Mackenzie cites the Californian congressman John Emerson Moss, whom he refers to as the father of the Freedom of Information Act. First introduced in 1954, Moss lived to see his bill finally enacted by Congress in 1966. Mackenzie writes:

The essential conflict, however, was far from resolved. In fact, the conflict was merely formalized. The Freedom of Information Act's requirements of openess placed it on a collision course with the National Security Act and its provisions for secrecy. For the next three decades there would be a series of confrontations between those devoted to reducing governmental secrecy and those bent on adding more layers to it.

Mackenzie describes the CIA's concern about Ramparts and Warren Hinckle. President Johnson's "rising anxiety" about the Vietnam war and the dissident press resulted in CIA Director Richard Helms appointing an admirer, Thomas Karamessines to deputy director of operations in July of 1967. Less than a month after his appointment, Karamessines started an operation to handle the antiwar press. According to Richard Ober this new operation, called Special Operations Group (SOG), was to be part of counterintelligence, and fell under the domain of James J Angleton, who was working under Karamessines. Thus MHCHAOS was born. The Ramparts task force was high priority.

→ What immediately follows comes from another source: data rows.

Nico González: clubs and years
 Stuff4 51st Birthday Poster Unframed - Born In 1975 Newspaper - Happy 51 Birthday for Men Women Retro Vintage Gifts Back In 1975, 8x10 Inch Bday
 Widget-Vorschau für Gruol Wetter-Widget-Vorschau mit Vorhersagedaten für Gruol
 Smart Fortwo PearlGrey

The book goes on to discuss Victor Marchetti, Alfred McCoy and their efforts to get books published. Unlike Marchetti, McCoy had never been a government employee and therefore he was not subject to the same restraints. The CIA had no recourse in the courts.

As Mackenzie writes, the CIA ran into new fiscal restraints, and in 1972 Cord Meyer was assigned to look into cutting costs by reducing the scope of MHCHAOS. He met with Ober, but little was done.

There is an interesting chapter in Secrets entitled "Bush Perfects the Cover-up." In the fall of 1974, in response to a Supreme Court decision a year earlier, (an FOIA case EPA vs. Mink) Congress amended the FOIA to reverse the Mink decision. In the future, the government would have to prove why secrecy was necessary for each specific case.

A month later someone at the CIA leaked the news of MHCHAOS to Sy Hersh at the New York Times. The story, while sparse, made public the fact that the agency was spying on its citizens. Gerald Ford, in office for less than five months, directed William Colby to issue a report on MHCHAOS to Henry Kissinger. As Mackenzie writes, evidently Ford was not informed that Kissinger was well aware of the operation. He adds:

Because of MHCHAOS and Watergate, Congress began to investigate the CIA. On September 16, 1975 Senators Frank Church and John Tower called Colby to testify at a hearing about CIA assassinations. Colby showed up carrying a CIA poison dart gun, and Church waved the gun before the televison cameras. It looked like an automatic pistol with a telescopic sight mounted on the barrel. Producers of the evening news recognized this as sensational footage, and just as surely Colby recognized his days as director were numbered. He had not guarded the CIA secrets well enough.

Colby was fired on November 2, 1975. His successor was George Herbert Walker Bush.....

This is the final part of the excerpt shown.